Now I would like to use regex to replace anything except unicode letters in a pandas data frame. I have used
to get the regex expression which seems to solve my problem \p{^L}+
. I realised later that I have found the expression which would work in Perl (Perl Compatible Regular Expressions [PCRE]) not necessarily in Python. I have found the regex package which supports this expression too. However, pandas doesn't seem to support regex yet or I have used it the wrong way:
import regex
import pandas as pd
df = pd.DataFrame({"text": ["Room: 25m²", "I have eaten ¼ of the cake."]})
df["text"] = df["text"].str.replace(regex.compile("\p{^L}+"), " ")
# Returns a TypeError: object of type '_regex.Pattern' has no len()
Therefore I have tried to find ways to use the re package. I have found an answer here. So I have used it this way:
import re
import pandas as pd
df = pd.DataFrame({"text": ["Room: 25m²", "I have eaten ¼ of the cake."]})
df["text"] = df["text"].str.replace("[\W\d_]", " ")

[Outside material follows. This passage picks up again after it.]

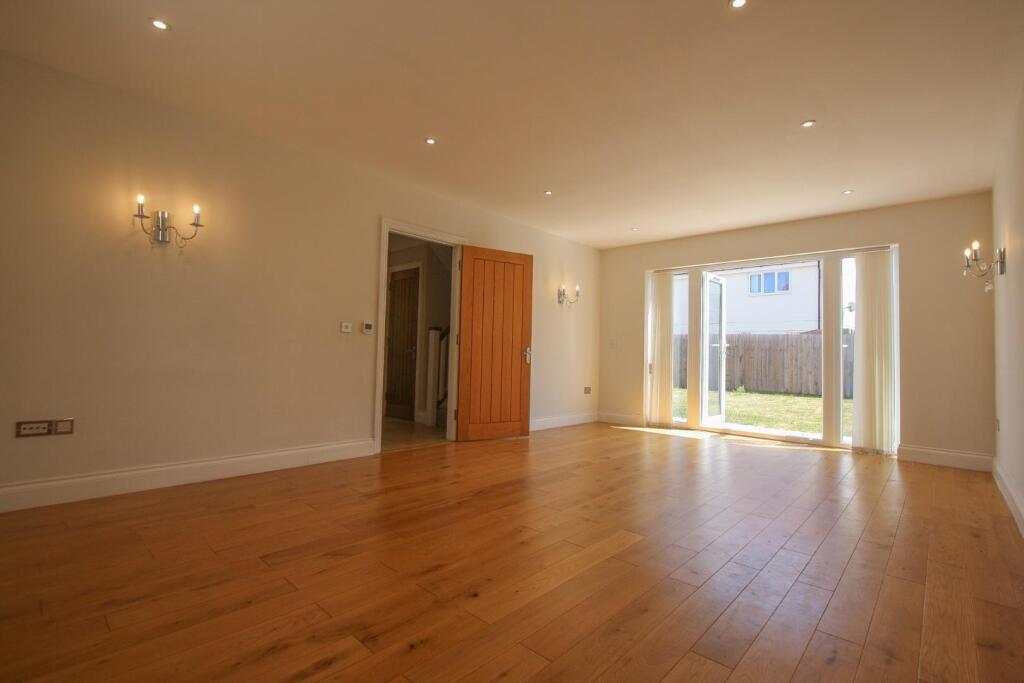 Additional image 2 of Bury Road, Kentford, Newmarket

It does replace a lot of special characters. It doesn't replace the expression with m to the power of 2 or the expression where we have a fraction. Both characters which I wouldn't see as letters but rather numerics or special characters in unicode. So how can I deal with those special characters? Is it possible with the re package? I wouldn't like to use specific unicodes to match those cases. If possible a general solution would be appreciated.